- [TRY IT]
Starting at the line with "201 Center St, West", return every line through the final one of the data, word for word. Pictures stay out.

SUPPLIED DATA: Begin

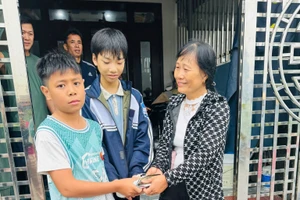 Hai em Phạm Tuấn Điệp và An Quảng Bình (lớp 7B, Trường THCS Tiên Lữ ) trả lại tài sản cho người đánh rơi.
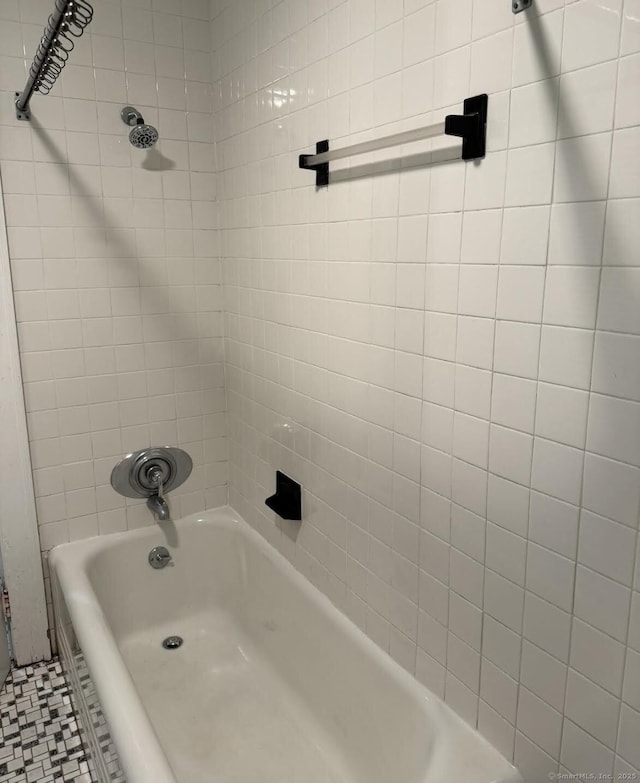 201 Center St, West Haven, CT 06516 - bathroom featuring shower / tub combination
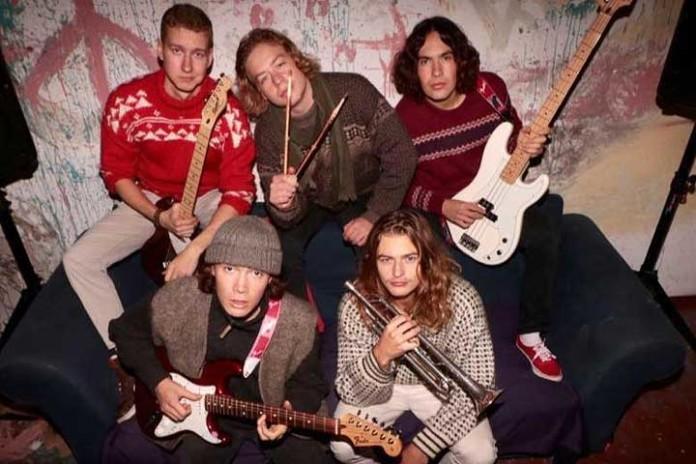 Ylävire on viiden nuoren miehen rockbändi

SUPPLIED DATA: End

- [YOUR SOLUTION]
 201 Center St, West Haven, CT 06516 - bathroom featuring shower / tub combination
 Ylävire on viiden nuoren miehen rockbändi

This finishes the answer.